Making __copy_tofrom_user more readable for powerpc (arch/powerpc/lib/copy_32.S)
Arnd Bergmann
arnd at arndb.de
Fri Jul 11 17:02:43 EST 2008
On Friday 11 July 2008, prodyut hazarika wrote:
> I have a version which just keeps a count of bytes copied till any
> fault happened. Then for any exception, I just substract this value
> from the total number of bytes to be copied, and store in r3 and
> return back. This is the common fixup code for all paths. It makes the
> fixup code much more readable like other architectures (eg. x86).
In some cases, you need to make sure that the return value is exactly
the maximum you could copy, not a little less.

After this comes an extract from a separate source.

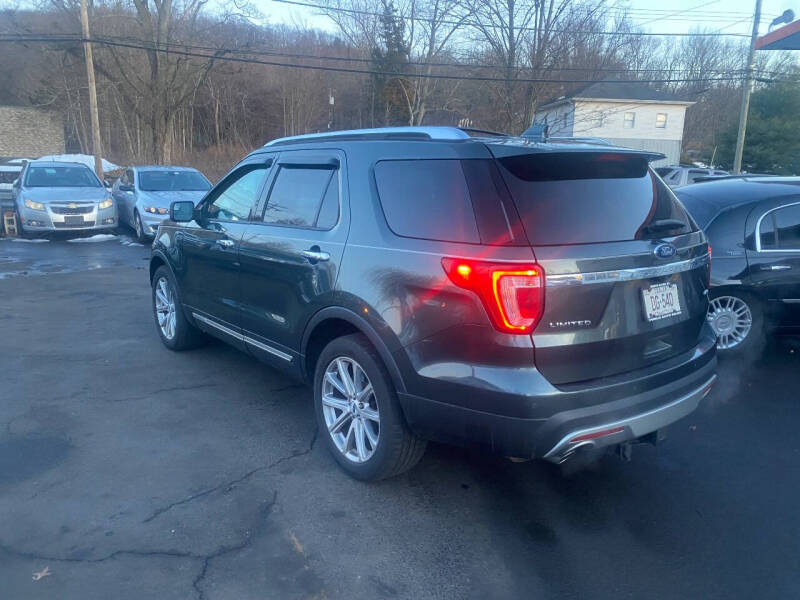 2016 Ford Explorer Limited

> The current code tries to copy one byte at a time after read fault. I
> don't understand why that is necessary. It then clears out the
> destination. All these logic has made the code very unfriendly to
> read.
I'm not sure if the code is also avoiding unaligned accesses here,
which is not a problem on x86. If you access uncached memory with
unaligned pointers, you get an exception and the fixup code will
copy it just fine with byte accesses.
> 2) For read failure, why do we clear out the destination (lines 509 to
> 529 in arch/powerpc/lib/copy_32.S)? Other architecture don't do that.
All architectures should do that for copy_from_user, to avoid potential
data leaks from the kernel when the data is copied back.